I'm Bill I don't comment my code (except complex parts), instead I try to make code clear, including using proper variable and function names and try to keep functions short. I don't think I ever got lost in my own code in my 20+ years of experience. Even got complements about it.

The programming language is meant for humans to read/write, if you need to put comments to understand your code then your code sucks.

[–] [email protected] 31 points 9 months ago

Commenting is an art. Too much and it is outright misleading after the first hotfix. Too little and only the original developer can maintain it

But uncommented code is a dick move. And, more importantly, it means you can't punt bug fixes to the intern

[–] [email protected] 17 points 9 months ago

Use comments to describe the philisophy of the code, the why. And any non obvious extended relationships. Risk. Etc.

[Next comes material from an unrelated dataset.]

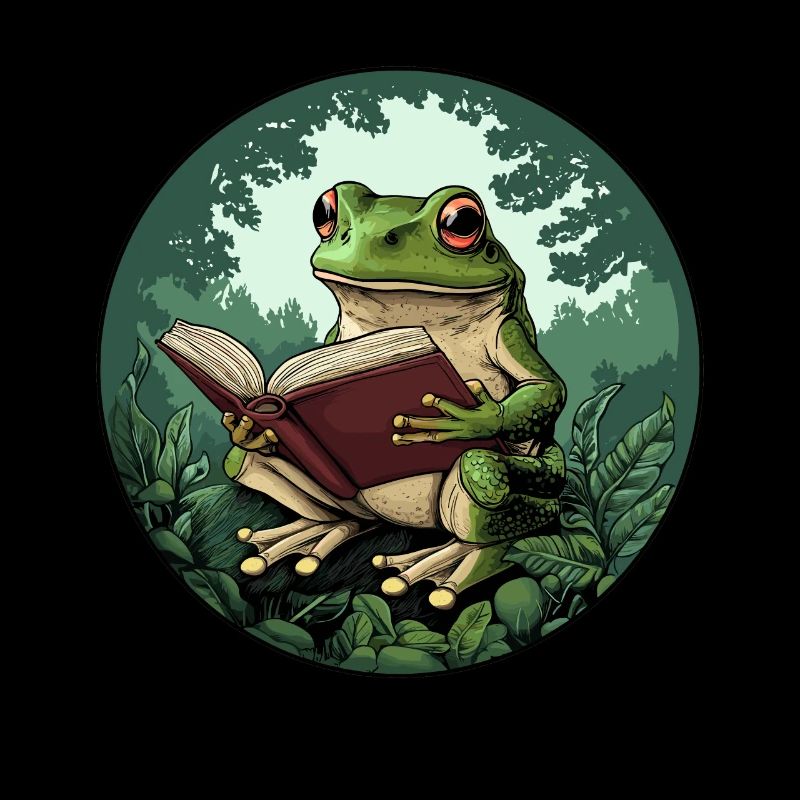 Cottagecore Frog with Book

Comments on function are typically a waste of space.

[–] [email protected] 10 points 9 months ago

When writing basic business code, structuring the code well and having good naming standards means you shouldn't need a ton of comments, but you should still have some. Plus, using structured function content blocks gives you intellisense in some languages and IDEs, which is important for code reuse in teams.

However, when I was doing scientific programming I'd have comments for almost every line at times where I put the mathematical formula and operations the line represents. Implementing a convolution neutral network with parameters to dynamically scale the layers or MPI stochastic simulations is much different than writing CRUD functions or basic business logic.

[–] [email protected] 2 points 9 months ago

I think that makes you Phil, not Bill. Thanks for the good work you do Phil.